:: Task requirements ::
When you reach the line below that has "After doing this, you", start returning lines exactly, and stop after the line that has "So this was"; skip the pictures.
# # # # #
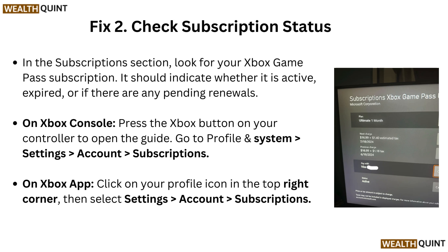Fix 2: Check subscription status. In the subscription section, look for your Xbox Game Pass subscription. It should indicate whether it is active, expired, or if there are any pending renewals. On Xbox console, press the Xbox button on your controller to open the guide. Go to Profile and System, then Settings, then Account, then Subscriptions.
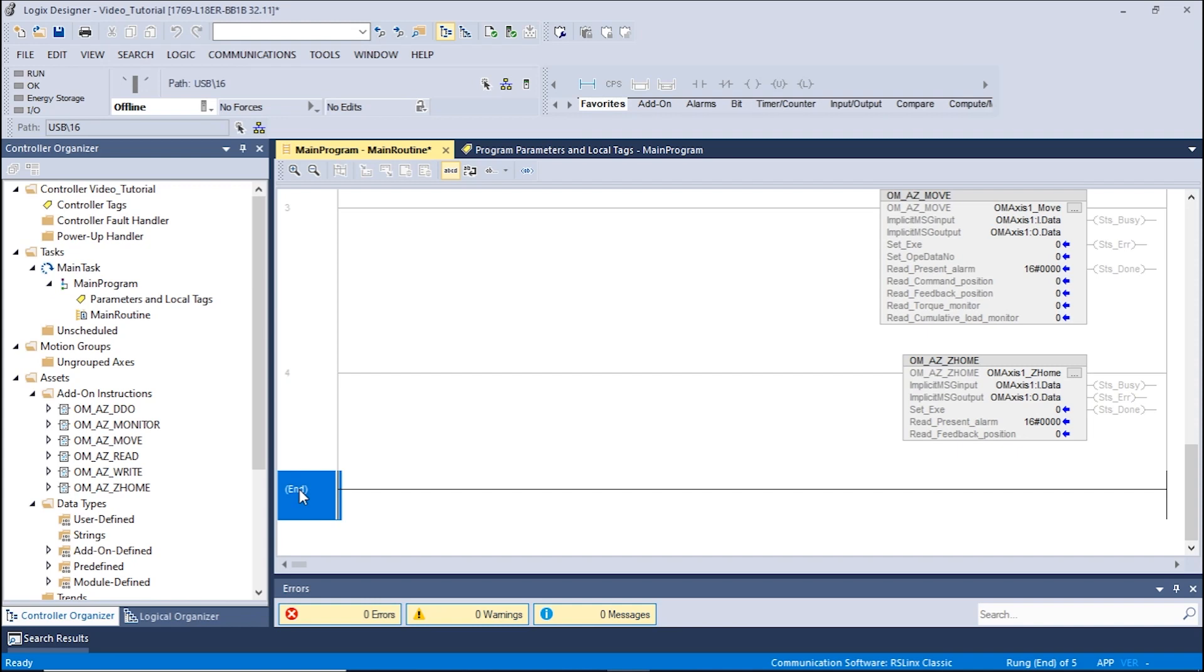In order to proceed, a home position would need to be set on the driver. You can set up the home position using the P preset input or the home preset switch on the drive. Once that has been done, we can now begin by opening the Studio 5000 software.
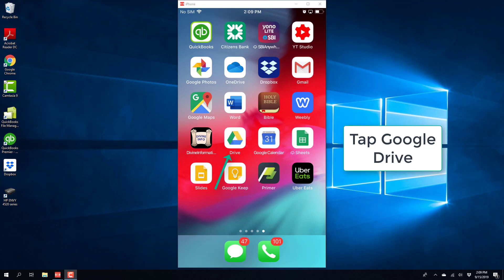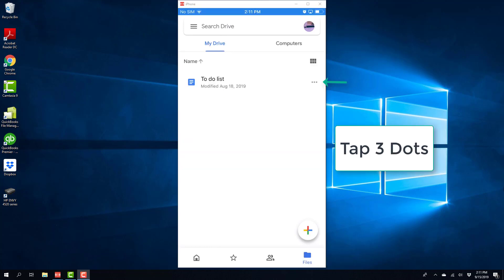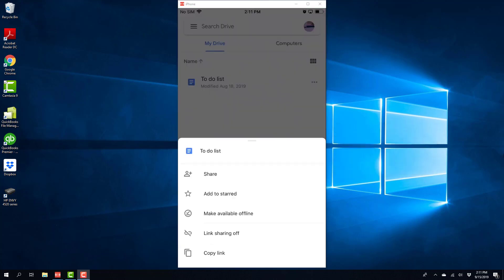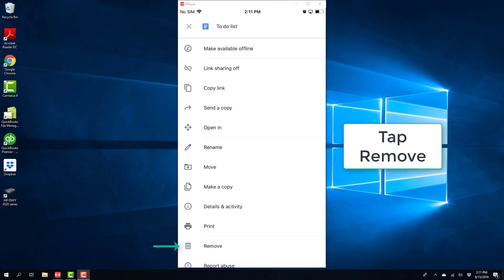So in order to do that, tap on the Google Drive app and then tap on the files icon and then tap on the three dots. Then scroll up and tap on remove.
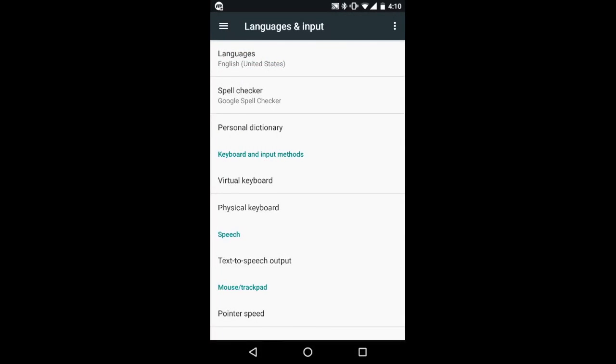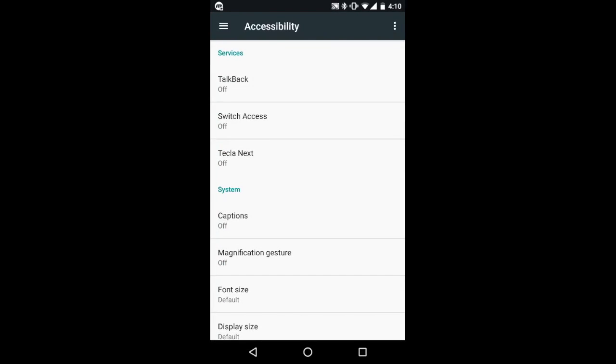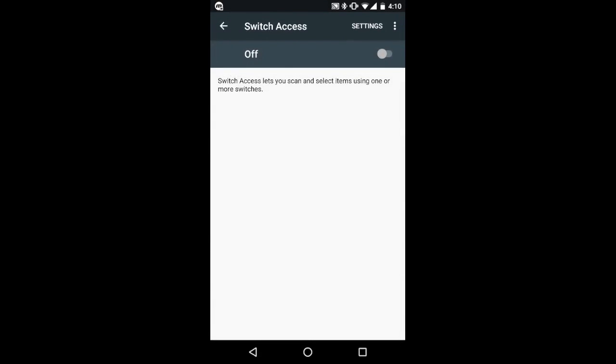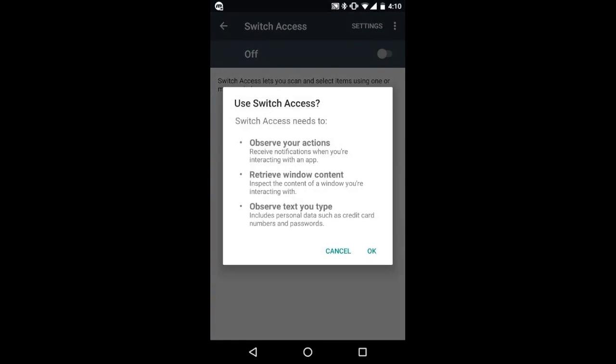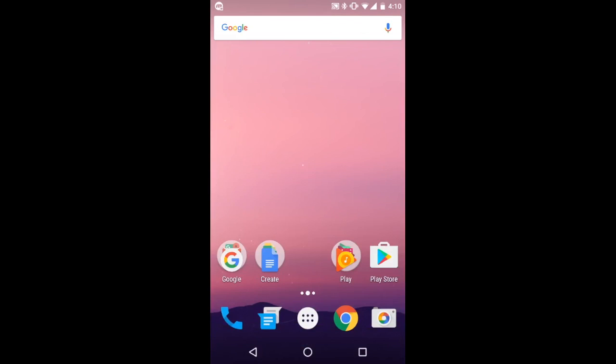After doing this, you can enable switch access. Go back to the settings menu, and under accessibility, switch access, activate switch access by clicking the on or off control.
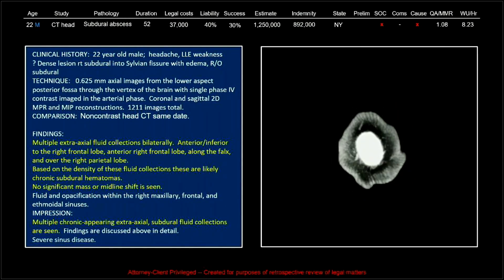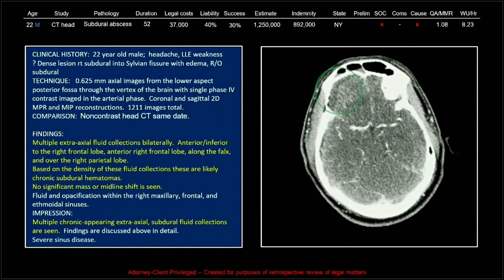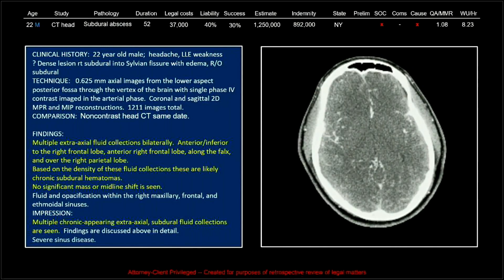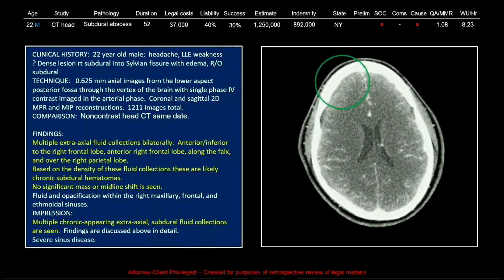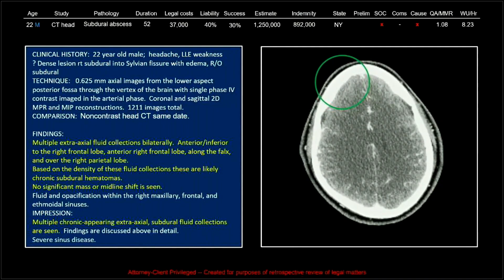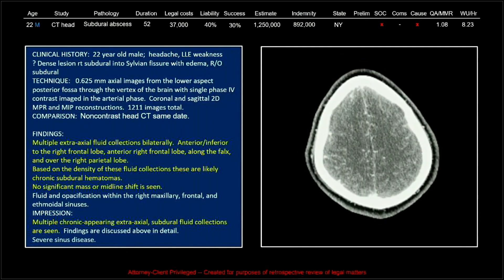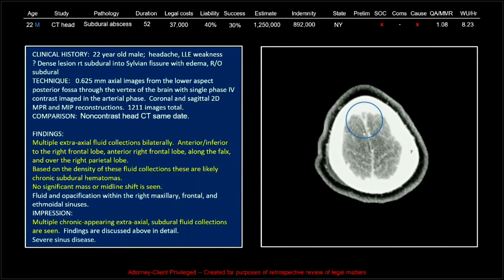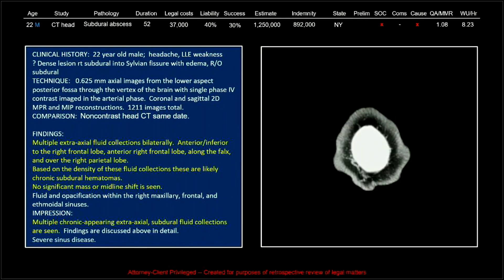So this was read as multiple chronic-appearing extra-axial subdural fluid collections, but this is an acute presentation with neurologic deficits. If you look up at the clinical history, it says: question dense lesion, right subdural, into sylvian fissure with edema, rule out subdural. That was a neurologist that was consulted, came in and looked at the initial CT and saw what our radiologist had not, and even put it in the clinical history when ordering the CTA.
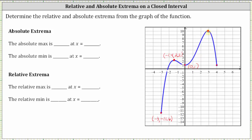Next, we have a high point where the x-coordinate is approximately 2.8 and the y-coordinate is 10. And then finally, the rightmost endpoint is the ordered pair four comma one.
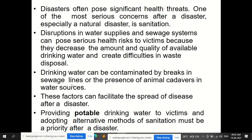Drinking water can be contaminated by breaks in sewage lines or the presence of animal cadavers — dead bodies — in water sources. These factors can facilitate the spread of disease after a disaster. Providing pure drinking water to victims and adopting alternative methods of sanitation — sewage and solid waste disposal — must be a priority after disaster, so that one disaster does not lead to the growth of another.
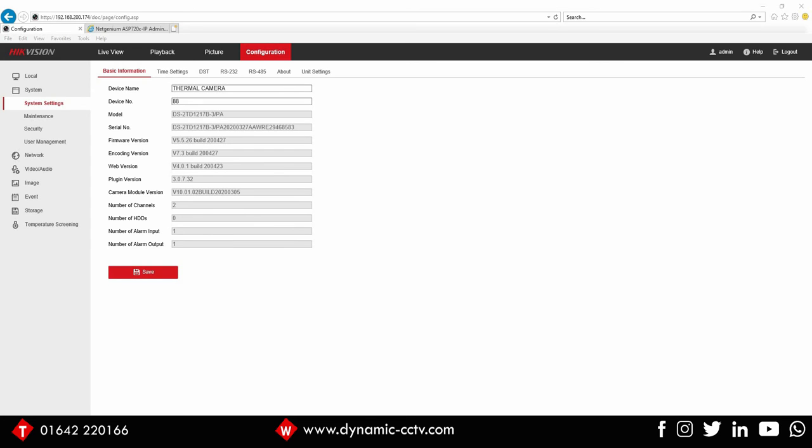Hello and welcome to the dynamic CCTV technical video. Today we're going to take a look at the HikeVision temperature screening thermal camera and how it could be integrated with a NetGenium IP speaker solution to give an audible warning message when an abnormal temperature is measured by the camera.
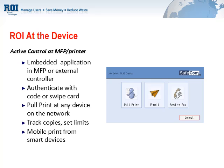Login and authentication can be conducted with a swipe card or the entry of a PIN code. This capability allows us to track all activity — from copying to scan-to-file or email applications — for each individual end-user, and also associate costs with any document output.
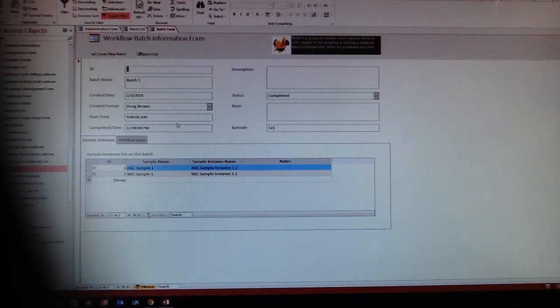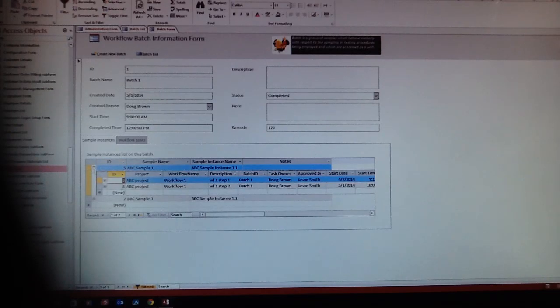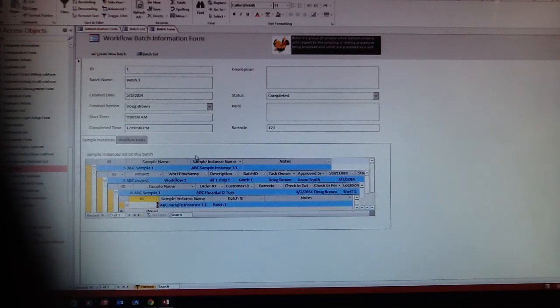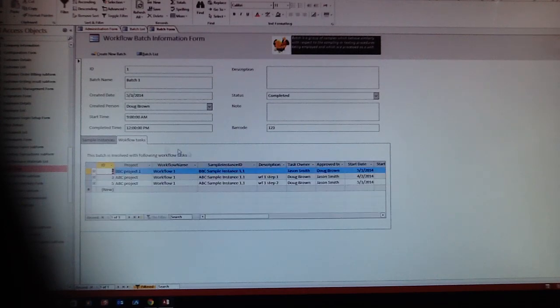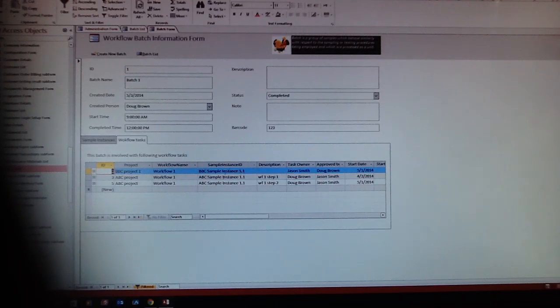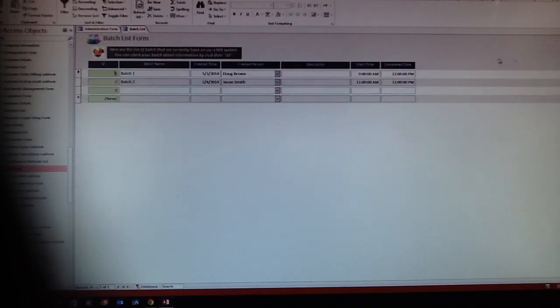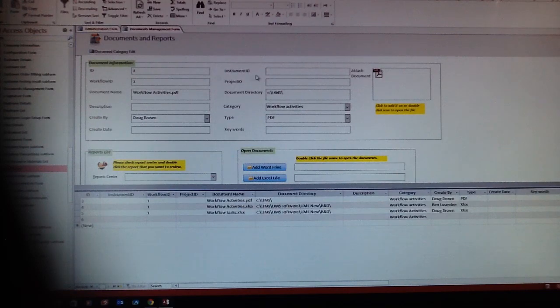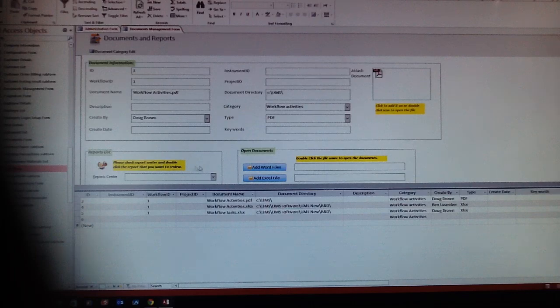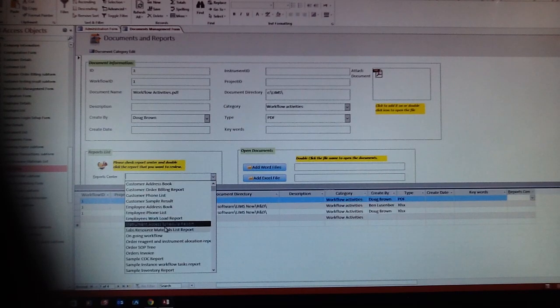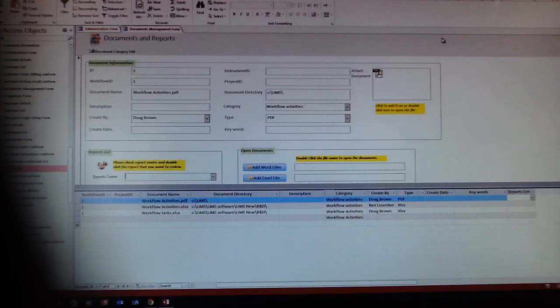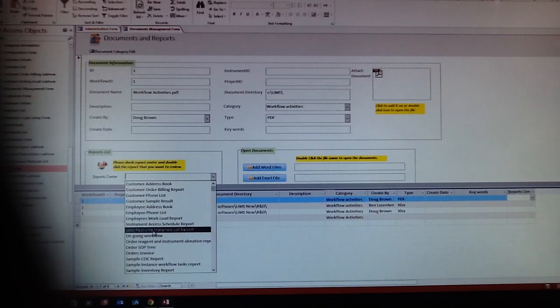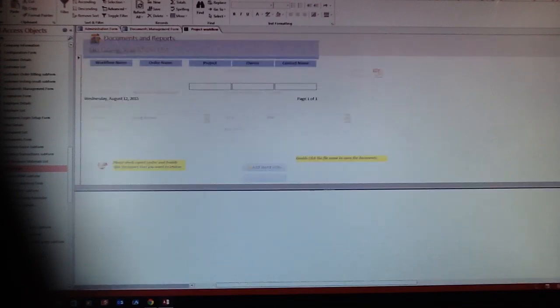For batch one, they will involve ABC sample ones and BBC sample ones, projects here, and sample information. They list all the samples. Here is the workflow, so batch one will involve project workflows and sample instances over here. That's the result and documents. You can trace those document information and results over here, and here's all those reports that we provide. You can check those reports by simply clicking on the report's name.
# # # # #
:: Completed task ::
After doing this, you can enable switch access. Go back to the settings menu, and under accessibility, switch access, activate switch access by clicking the on or off control.
So this was read as multiple chronic-appearing extra-axial subdural fluid collections, but this is an acute presentation with neurologic deficits. If you look up at the clinical history, it says: question dense lesion, right subdural, into sylvian fissure with edema, rule out subdural. That was a neurologist that was consulted, came in and looked at the initial CT and saw what our radiologist had not, and even put it in the clinical history when ordering the CTA.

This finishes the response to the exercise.